Certo le attività strettamente sanitarie sono decisamente preponderanti (nella regione dove vivo, ad esempio, rappresentano più del 90% del fondo sanitario regionale) rispetto a quelle socio-sanitarie, ma una delle ragioni di questa diversa rilevanza va ricercata proprio nel fatto che buona parte dell’assistenza socio-sanitaria sfugge alla contabilità sanitaria e alle sue statistiche.

Occorre allora sviluppare una visione della sanità più completa, che vada oltre l’intervento esclusivamente sanitario, superando l’idea dell’esistenza di un parente povero (la socio-sanità, appunto) che tale deve rimanere, parente povero relegato spesso al di fuori del Ssn tra le braccia amorose della famiglia (e delle sue, tante o poche, risorse), del volontariato, del no-profit, e di quello che più in generale prende il nome di terzo settore.

L’assistenza socio-sanitaria ha molto da insegnare alla sanità ed allo sviluppo di una visione non solo sanitaria del Ssn. In questa direzione molto utile è il recente rapporto prodotto da Istat sulle strutture residenziali socio-assistenziali e socio-sanitarie esistenti nel nostro paese al 1° gennaio 2022, frutto di un’indagine che l’istituto nazionale di statistica conduce annualmente sull’offerta di tali strutture e sulle tipologie di utenti in esse assistite. Certo non è tutta l’assistenza socio-sanitaria, ma è di sicuro una parte molto rilevante e più facilmente rilevabile e documentabile.
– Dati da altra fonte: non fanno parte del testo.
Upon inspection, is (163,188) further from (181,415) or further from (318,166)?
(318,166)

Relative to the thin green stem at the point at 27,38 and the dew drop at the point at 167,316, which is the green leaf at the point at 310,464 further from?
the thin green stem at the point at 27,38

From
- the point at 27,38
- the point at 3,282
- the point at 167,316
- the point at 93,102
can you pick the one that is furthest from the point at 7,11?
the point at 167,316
Da questo rapporto apprendiamo che:

– i presidi residenziali attivi in Italia al 1° gennaio 2022 sono più di 12mila con oltre 400mila posti letto (7 ogni 1.000 abitanti), con un’offerta maggiore nel Nordest del Paese (10 ogni 1.000 ab) e molto minore al Sud (3 per 1.000);

– i lavoratori impiegati sono più di 340mila, a cui vanno aggiunti oltre 30mila volontari e 4mila operatori del servizio civile; l’11% dei quasi 380mila lavoratori è straniero (2 su 3 con cittadinanza extraeuropea);

– viene fornita tutela ed accoglienza a persone con varie forme di disagio: 40% dei letti per l’accoglienza abitativa, 40% per la funzione socio-educativa, 15% per supportare l’autonomia dei propri ospiti; anche se queste percentuali sono molto variabili tra territori;

– nel 45% dei casi le strutture sono in carico ad enti non-profit, nel 24% ad enti privati, nel 19% ad enti pubblici, e nel 12% ad enti religiosi.
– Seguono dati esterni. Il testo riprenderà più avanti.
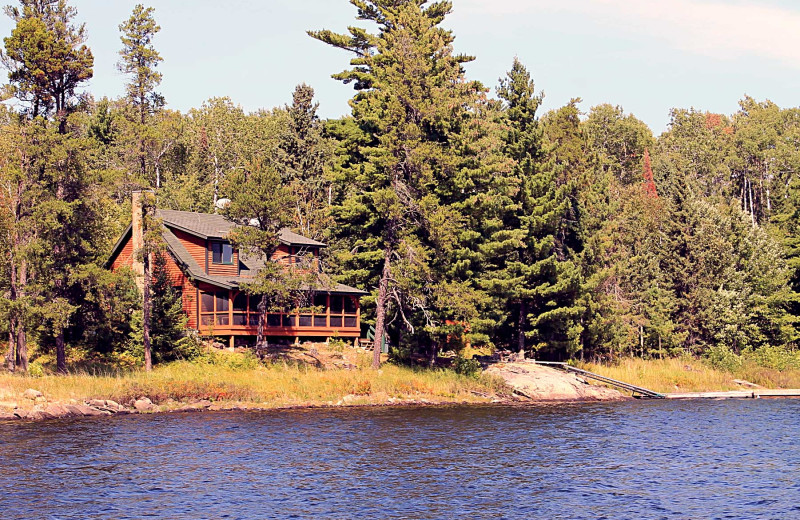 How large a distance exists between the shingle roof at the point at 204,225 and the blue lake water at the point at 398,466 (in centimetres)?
1782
Tralasciamo molte altre notizie perché poco rilevanti per questo contributo, ma è facile prevedere, dalle tipologie di soggetti accolti (prevalentemente anziani) e dai bisogni che sono in aumento (malattie croniche), la direzione che questo comparto prenderà nei prossimi anni: aumento, aumento, aumento.
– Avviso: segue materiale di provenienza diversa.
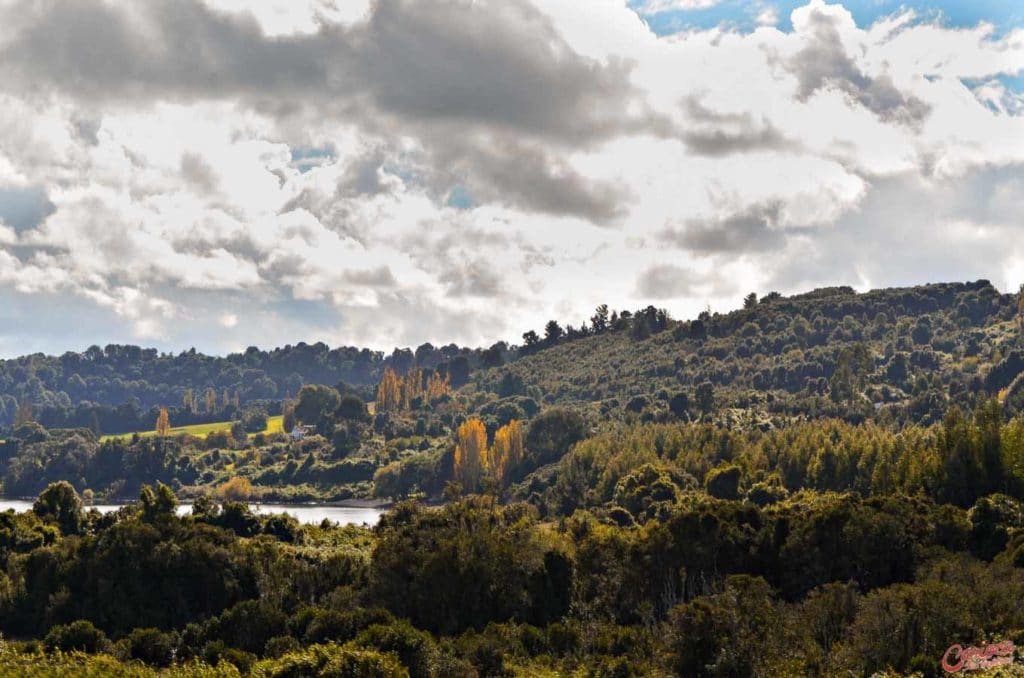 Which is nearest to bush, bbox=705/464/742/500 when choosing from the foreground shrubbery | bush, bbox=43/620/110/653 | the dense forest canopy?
the dense forest canopy

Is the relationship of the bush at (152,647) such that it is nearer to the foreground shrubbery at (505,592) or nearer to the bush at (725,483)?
the foreground shrubbery at (505,592)

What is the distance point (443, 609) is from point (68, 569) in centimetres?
3557

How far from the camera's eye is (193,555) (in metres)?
94.4

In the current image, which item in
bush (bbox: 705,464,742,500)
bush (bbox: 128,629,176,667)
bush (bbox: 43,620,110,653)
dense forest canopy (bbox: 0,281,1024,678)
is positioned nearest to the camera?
dense forest canopy (bbox: 0,281,1024,678)

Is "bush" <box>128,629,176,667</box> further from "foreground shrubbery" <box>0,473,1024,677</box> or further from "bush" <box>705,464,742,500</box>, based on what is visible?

A parte la solita replicazione della differenza Nord-Sud che ormai si registra in tutti i settori e che non si smentisce anche in sanità, molti sono gli spunti che l’assistenza socio-sanitaria in generale (ed i dati riportati in particolare) offre per la formulazione di una visione per il Ssn:

– il ruolo del non profit e del privato (laico o religioso);

– il ruolo del volontariato e delle famiglie, comprese le risorse economiche che da queste vengono aggiunte;

– il ruolo della prossimità, con il favore dato ad interventi che favoriscano la permanenza delle persone assistite al proprio domicilio;

– il ruolo della sussidiarietà per caratterizzare localmente (modalità, procedure, strumenti) le iniziative per l’affronto del bisogno socio-sanitario;

– ma soprattutto la focalizzazione sulla messa al centro della persona; sui percorsi assistenziali integrati fondati sulla valutazione multidimensionale dei bisogni e sul progetto di assistenza individuale (Pai) e non sulle prestazioni (isolate) da erogare; sulla presa in carico del soggetto fragile, certo con il supporto di tutti gli erogatori di prestazioni ma avendo come punto di partenza la persona e non l’offerta dei servizi.

Quindi: solidarietà, sussidiarietà, prossimità, accoglienza, gratuità, non profit. Quanti insegnamenti dall’assistenza socio-sanitaria per superare e completare una visione solo sanitarizzata della salute e dell’assistenza!